III. Legal Principles
¶ 10 If a party fails to exhaust administrative remedies, the trial court lacks jurisdiction to hear the action. In re Tonko, 154 P.3d at 402; see also Moss v. Members of Colo. Wildlife Comm’n, 250 P.3d 739, 742 (Colo. App. 2010). The exhaustion requirement “prevents piecemeal application for judicial relief and unwarranted interference by the judiciary in the administrative process.” Horrell v. Dep’t of Admin., 861 P.2d 1194, 1197 (Colo. 1993). Exhaustion also allows an agency to correct errors on matters within its expertise and to compile a record adequate for judicial review. Colorado Dep’t of Pub. Health & Env’t v. Bethell, 60 P.3d 779, 784 (Colo. App. 2002).
IV. Grievance Process and Board Action
grievance process.2 Article 6-5-4-3 of the CBA states:
Within ten (10) workdays after receipt of the arbitrator’s [advisory] decision, the District and the CSEA will schedule a meeting to discuss the decision. No public release of information may be made until after such meeting. The Board shall take official action on the decision of the arbitrator within thirty (30) days of the discussion meeting.
(Emphasis added). The term “shall” in a contract denotes mandatory compliance. RCS Lumber Co. v. Sanchez, 136 Colo. 351, 355, 316 P.2d 1045, 1047 (1957). Because the step-four arbitrator issues an advisory,3 rather than a binding, decision, the grievance process remains unresolved until the Board makes a final decision.

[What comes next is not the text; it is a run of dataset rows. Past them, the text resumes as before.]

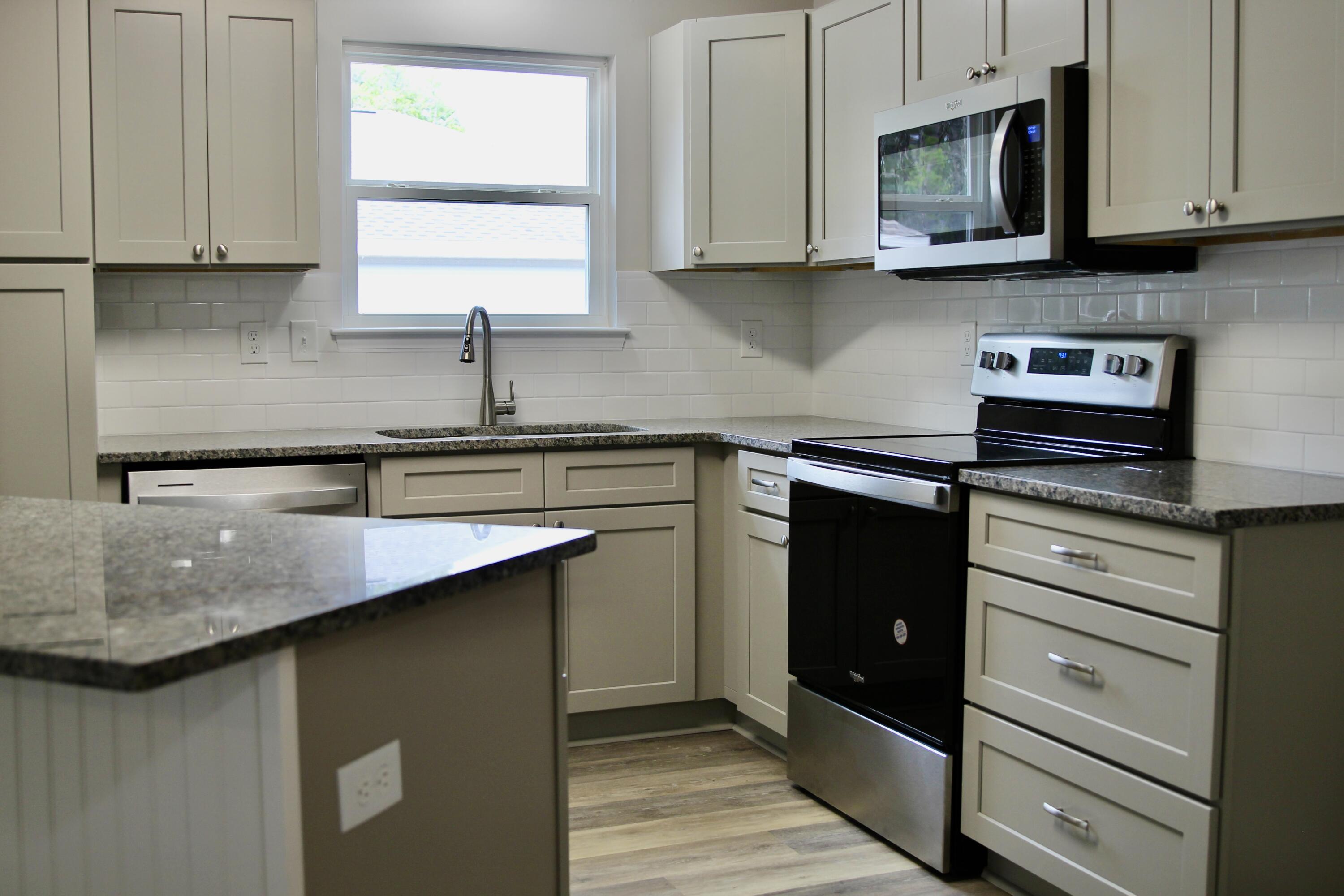 NORTH SUPERGROUP (221000.00) - Residential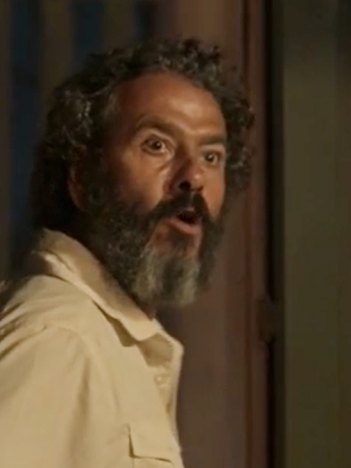 José Leôncio (Marcos Palmeira) estoura e revela segredo de Tadeu (José Loreto) em Pantanal (Foto: Reprodução/TV Globo)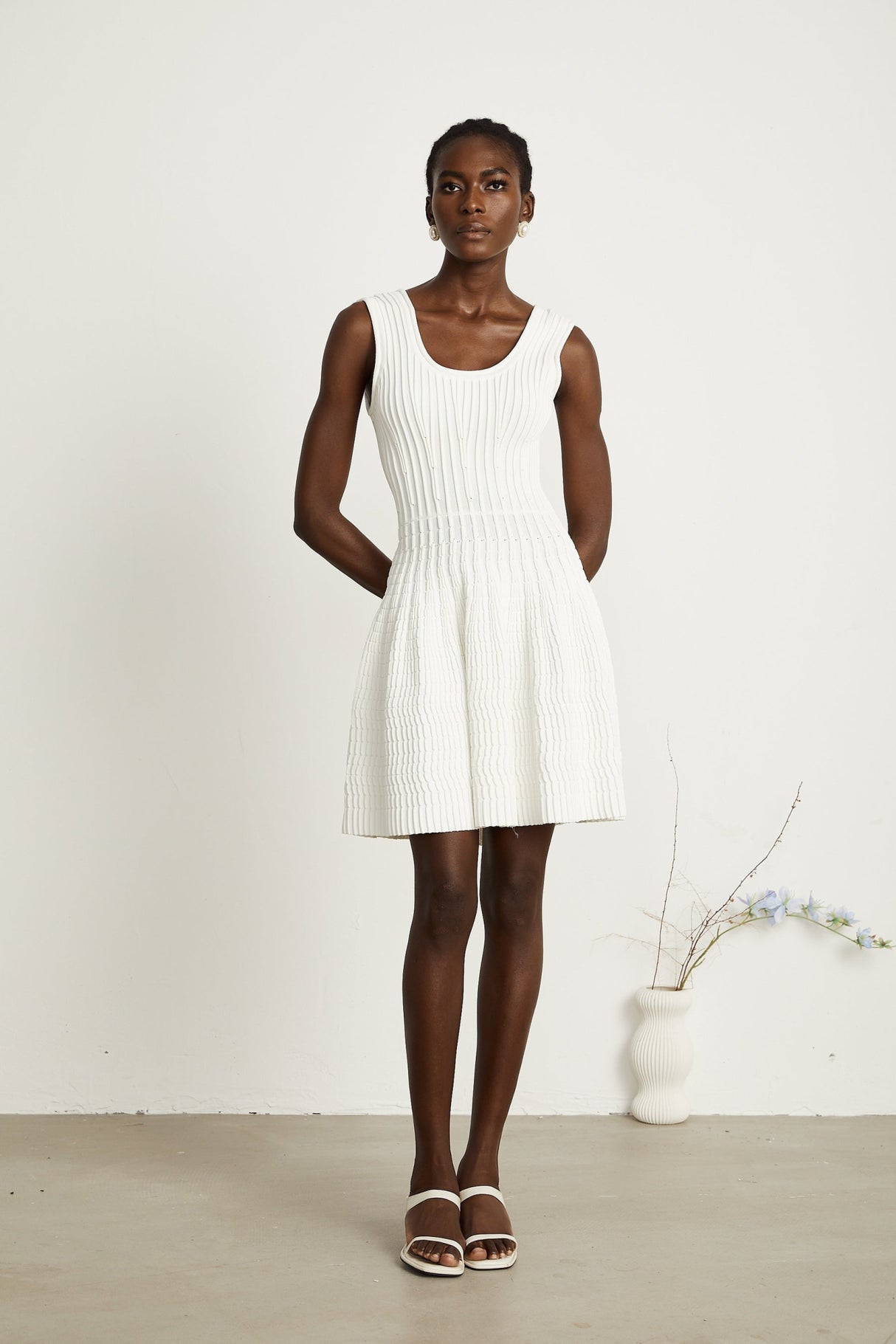 Mia Mini Dress White Pleated Knit Fit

¶ 12 Thus, according to the CBA and consistent with section 22-32- 109(1)(f)(I), C.R.S. 2011 – which grants the Board authority to delegate the duty of maintaining employment relations to the District – the Board, acting through its elected members, considers a dispute between the District, acting through the Executive Director of Employee Relations, and an employee only after the four-step grievance process is completed. See Littleton Educ. Ass’n v. Arapahoe Cnty. Sch. Dist. No. 6, 191 Colo. 411, 415-18, 553 P.2d 793, 796-98 (1976) (declining to invalidate a collective bargaining agreement between a school district and local education association which did not provide for binding arbitration and which gave the Board the power to make a final decision, without further negotiation, on all unresolved issues). The Board can override the District’s refusal to abide by a step-three recommendation. See Adams Cnty. Sch. Dist. No. 50 v. Heimer, 919 P.2d 786, 789-93 (Colo. 1996) (court of appeals division set aside the board’s decision to dismiss the teacher, finding that the hearing officer’s recommendation to reinstate the teacher had more support in the record; supreme court reversed, holding that, because boards of education “have primary responsibility for hiring and firing teachers in their school districts,” their actions should be set aside on appeal only if arbitrary, capricious, or legally impermissible); see also Greeley Police Union v. City Council of Greeley, 191 Colo. 419, 422, 553 P.2d 790, 792 (1976) (explaining that the collective bargaining agreement between the school district and the employee association in Littleton Educ. Ass’n did not require the board of education “to surrender any of its ultimate decision-making authority”; such an agreement would conflict with Colo. Const. art. XXI, § 4 and art. V, § 35, which prohibit delegating legislative power to politically unaccountable persons).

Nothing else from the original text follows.